Beritalain.id - PANGKALPINANG. Dalam upaya memperkuat peran masyarakat dalam pemberantasan korupsi, Komisi Pemberantasan Korupsi (KPK) Republik Indonesia melalui Direktorat Pembinaan Peran Serta Masyarakat mengadakan Bimbingan Teknis (Bimtek) untuk tokoh agama. Kegiatan ini berlangsung di auditorium H. Mas'ud Hasan Qolay, kantor wilayah Kementerian Agama Provinsi Kepulauan Bangka Belitung pada Rabu, (14/8/2024).
Acara ini dihadiri oleh lebih dari 200 peserta yang terdiri dari para tokoh lintas agama, dengan harapan dapat menanamkan nilai-nilai integritas serta memperkuat komitmen dalam memerangi praktik-praktik korupsi di masyarakat.

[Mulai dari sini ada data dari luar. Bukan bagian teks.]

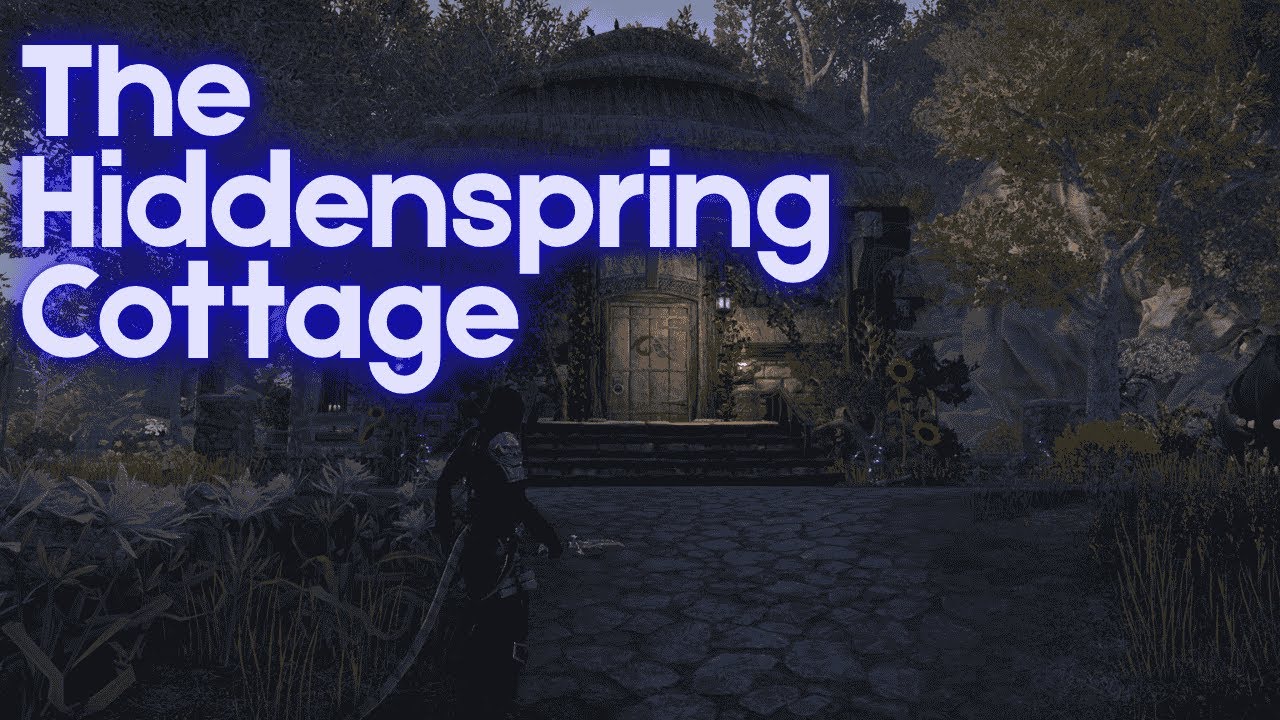 The Hiddenspring Cottage (ESO EU PC)
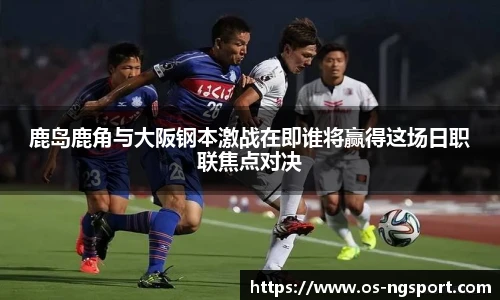 鹿岛鹿角与大阪钢本激战在即谁将赢得这场日职联焦点对决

Plh. Direktur Pembinaan Peran Serta Masyarakat KPK RI, Johnson Ridwan Ginting, menjelaskan bahwa Bimtek ini bertujuan untuk memberdayakan tokoh agama dalam menyebarkan pemahaman mengenai dampak negatif korupsi. Kolaborasi dengan Kementerian Agama Provinsi Bangka Belitung diharapkan mampu membangun fondasi kuat bagi gerakan anti-korupsi melalui pengaruh besar tokoh agama di masyarakat.
"Bimtek yang kita lakukan ini diharapkan mampu menanamkan kesadaran akan pentingnya integritas, serta memberikan pemahaman yang mendalam tentang bagaimana korupsi bisa mempengaruhi kehidupan masyarakat sehari-hari. Para tokoh agama diharapkan dapat menyebarkan pengetahuan ini kepada umat masing-masing, sehingga semakin banyak orang yang sadar akan pentingnya melawan korupsi," jelas Johnson.
Tokoh agama memiliki kedudukan strategis dalam masyarakat. Mereka dihormati dan didengarkan oleh komunitasnya, sehingga peran mereka dalam menyebarkan nilai-nilai anti-korupsi sangat signifikan. Posisi sentral yang mereka miliki membuat mereka menjadi salah satu kunci utama dalam menyebarkan pesan integritas dan kejujuran.
"Para tokoh agama berada di tengah-tengah masyarakat, mereka sangat dihormati dan memiliki pengaruh yang kuat. Oleh karena itu, jika kita ingin menyebarkan integritas di masyarakat, tokoh agama adalah salah satu pilar yang sangat penting," tambah Johnson.
KPK terus mendorong masyarakat untuk melaporkan setiap indikasi korupsi yang mereka temukan. Johnson menegaskan bahwa peran masyarakat dalam melaporkan dugaan korupsi adalah salah satu kekuatan utama untuk mencegah dan menindak pelaku korupsi.
"Jika masyarakat menemukan indikasi terjadinya tindak korupsi, mereka dapat melaporkan langsung kepada kami.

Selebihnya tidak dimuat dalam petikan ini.